Captioned web images:
------------------------

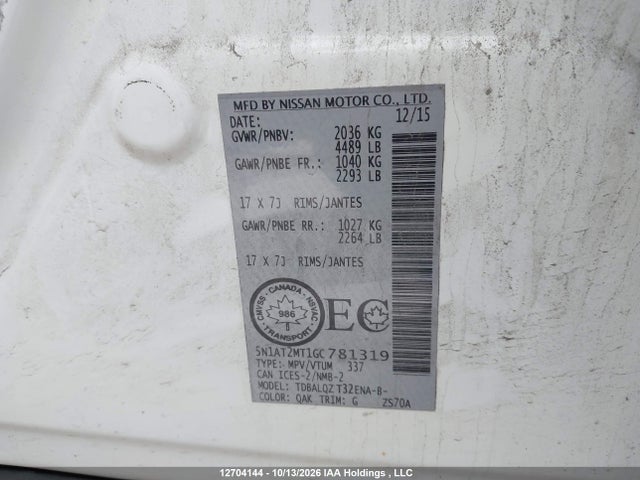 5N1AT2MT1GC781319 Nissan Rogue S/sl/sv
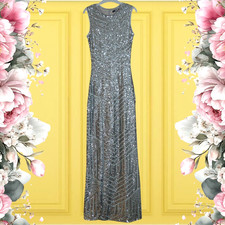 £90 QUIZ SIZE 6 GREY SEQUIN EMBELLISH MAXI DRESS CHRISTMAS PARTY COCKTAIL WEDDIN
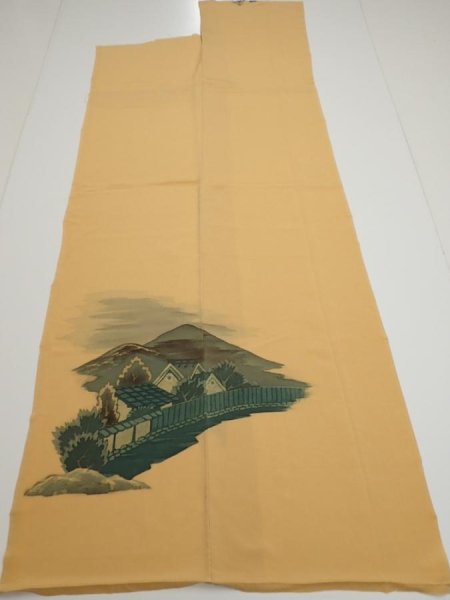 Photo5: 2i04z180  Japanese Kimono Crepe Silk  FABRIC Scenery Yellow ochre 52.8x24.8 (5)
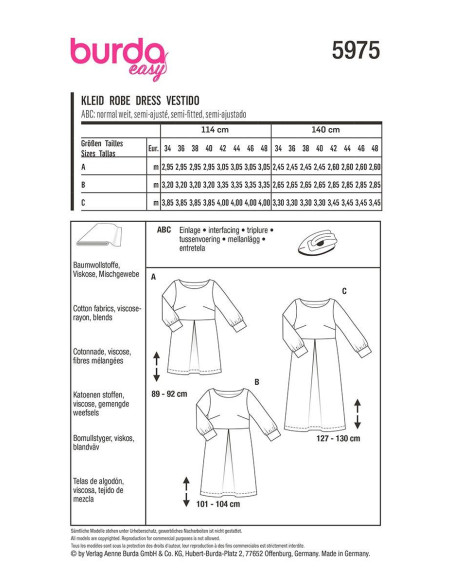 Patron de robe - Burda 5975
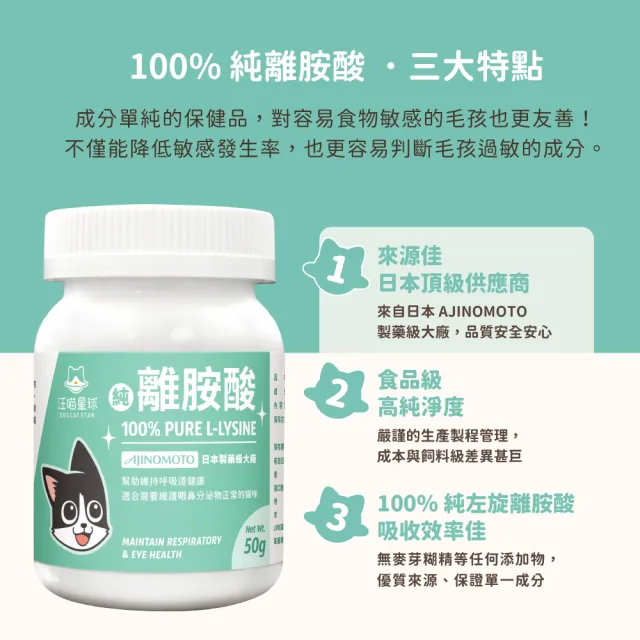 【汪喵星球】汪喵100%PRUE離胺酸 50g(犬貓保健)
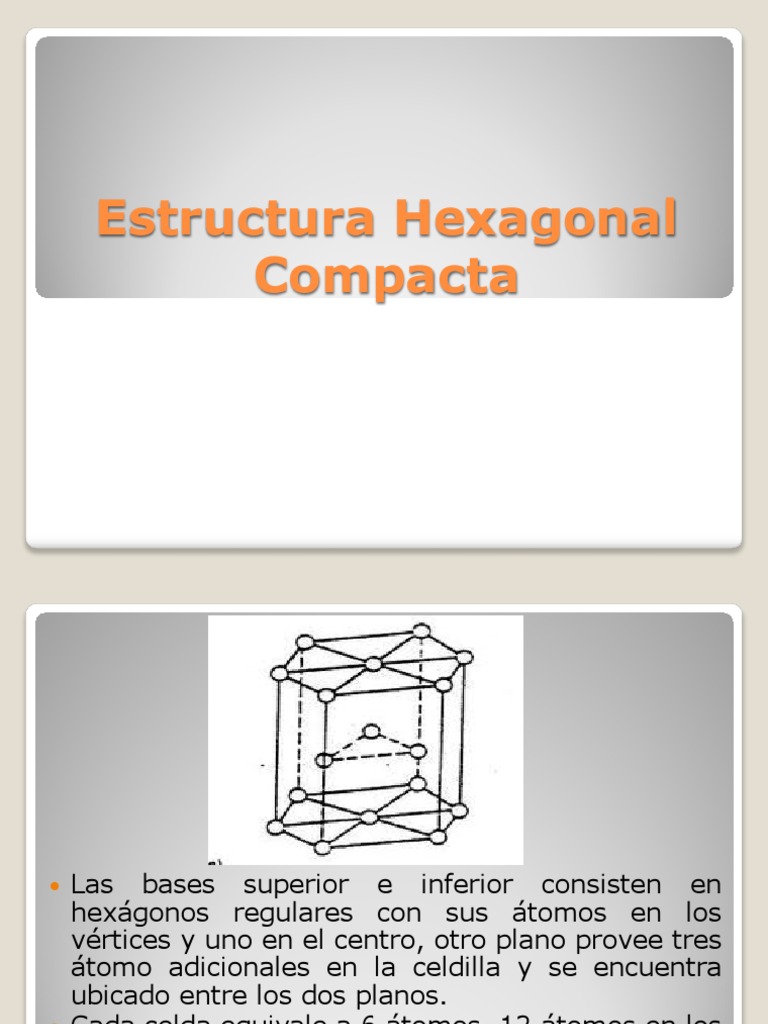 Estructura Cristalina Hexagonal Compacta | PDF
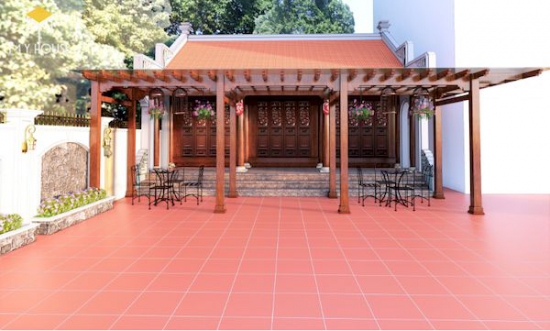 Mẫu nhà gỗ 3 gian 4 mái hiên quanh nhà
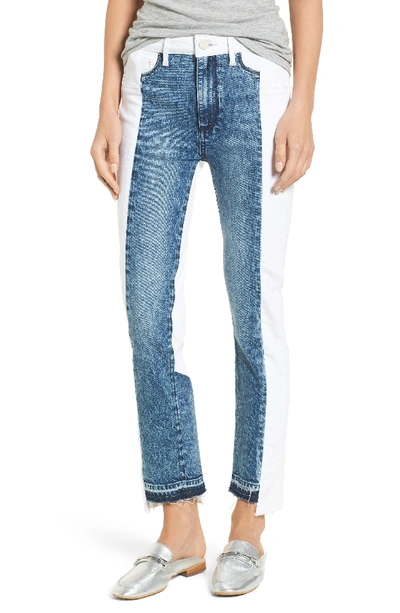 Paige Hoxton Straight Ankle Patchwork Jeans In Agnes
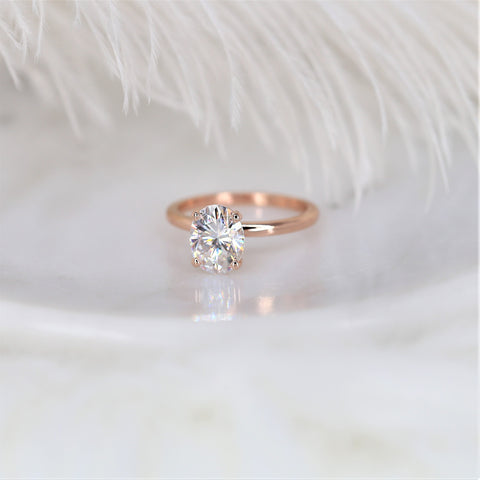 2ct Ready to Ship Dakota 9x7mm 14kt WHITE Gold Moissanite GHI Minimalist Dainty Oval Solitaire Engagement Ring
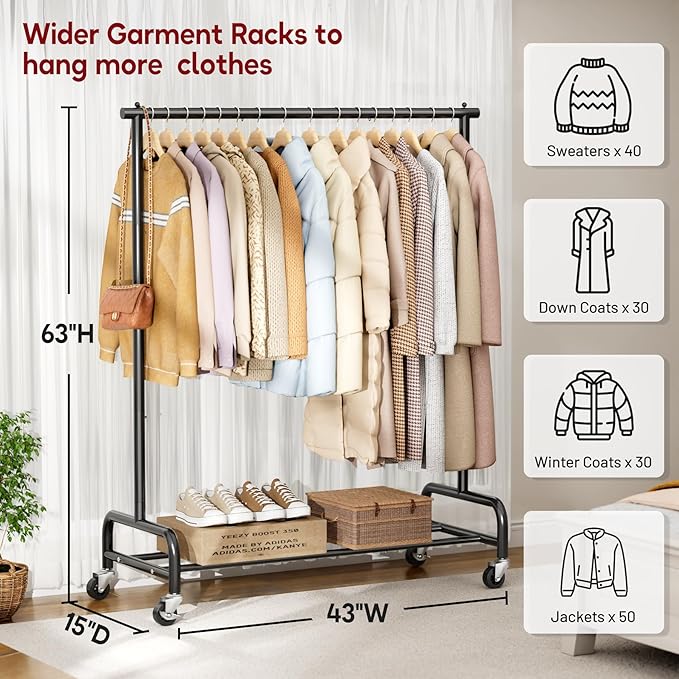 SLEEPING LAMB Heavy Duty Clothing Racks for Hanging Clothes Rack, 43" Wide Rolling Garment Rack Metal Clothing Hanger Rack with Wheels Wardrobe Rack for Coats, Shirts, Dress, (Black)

------------------------

What needs to be done: From the entries above, write out every line without a single change, skipping the images.

Worked solution:
 5N1AT2MT1GC781319 Nissan Rogue S/sl/sv
 £90 QUIZ SIZE 6 GREY SEQUIN EMBELLISH MAXI DRESS CHRISTMAS PARTY COCKTAIL WEDDIN
 Photo5: 2i04z180  Japanese Kimono Crepe Silk  FABRIC Scenery Yellow ochre 52.8x24.8 (5)
 Patron de robe - Burda 5975
 【汪喵星球】汪喵100%PRUE離胺酸 50g(犬貓保健)
 Estructura Cristalina Hexagonal Compacta | PDF
 Mẫu nhà gỗ 3 gian 4 mái hiên quanh nhà
 Paige Hoxton Straight Ankle Patchwork Jeans In Agnes
 2ct Ready to Ship Dakota 9x7mm 14kt WHITE Gold Moissanite GHI Minimalist Dainty Oval Solitaire Engagement Ring
 SLEEPING LAMB Heavy Duty Clothing Racks for Hanging Clothes Rack, 43" Wide Rolling Garment Rack Metal Clothing Hanger Rack with Wheels Wardrobe Rack for Coats, Shirts, Dress, (Black)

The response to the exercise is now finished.